Los archivos del honor
Quisieron barrer de una toda la dignidad de las calles iraníes. Ya no les bastaban los fusiles y la barbarie hubo de buscar metralletas que tumban masiva e indiscriminadamente. Pero las balas salvajes sólo empujan a las almas bien arriba en los cielos. Nos consta que hay cuadernos en los que se anotan esos grandes sacrificios. Dicen que son cerca de tres mil los caligrafiados en los archivos del honor.

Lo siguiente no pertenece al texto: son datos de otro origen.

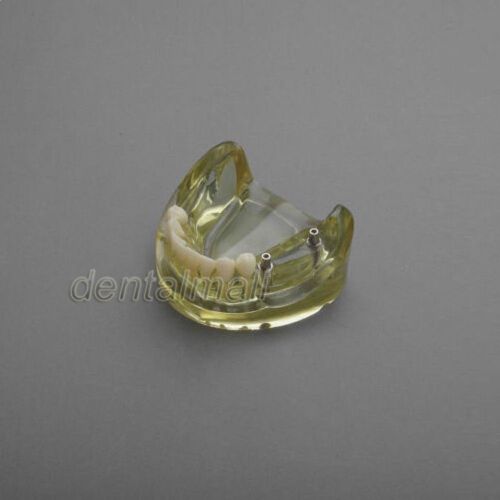 Dentalmall Dental Model #2011 01 - Lower Jaw Implant Model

Ningún aliento ahogado en el camino hacia la libertad es en balde. No hay muerte más elevada que aquella que se asume libremente por el bien colectivo. La ofrenda de los valientes y las valientes iranís ha sido más que generosa. Poco les faltó para emanciparse del yugo y Occidente, sobre todo el Occidente de progreso, se tendrá que preguntar por ese esquinazo.
Su futuro sin obligada hiyab rehusó nuestros labios. Habremos de preguntarnos por qué faltó “¡Free Irán!” en nuestras capitales, por qué no fueron dignos de apoyo, si les faltaba tan poco para dejar atrás a los clérigos de la impostura y el crimen. Prefiero pensar que Occidente ha sido más olvidadizo que interesado. El apoyo de los ayatolás a Hamas, su confrontación con el Imperio no puede ser la causa del abandono de ese pueblo movilizado, porque entonces estaremos enterrando nuestros valores y principios más elementales de libertad yderechos humanos.
Iran y su apuesta vital ya no ocupa los medios. El terror torna de nuevo su pan de cada día y en nosotros restará la duda de por qué no expresamos para con ellos y ellas la mínima solidaridad que sobradamente merecían. Quizás sea el momento de dejar de acusar al otro de cuándo se moviliza o cuándo deja de hacerlo. No nos pasemos más mutuamente la bola. Ya no hablemos más por favor de “silencios cómplices”. Cada quien que se enfrente solo con su soberana conciencia; cada quien sabe cuándo dejar todo y agarrar el abrigo y la bufanda para empujar historia, para iluminar un desierto lejano, para derramar su alma por el asfalto.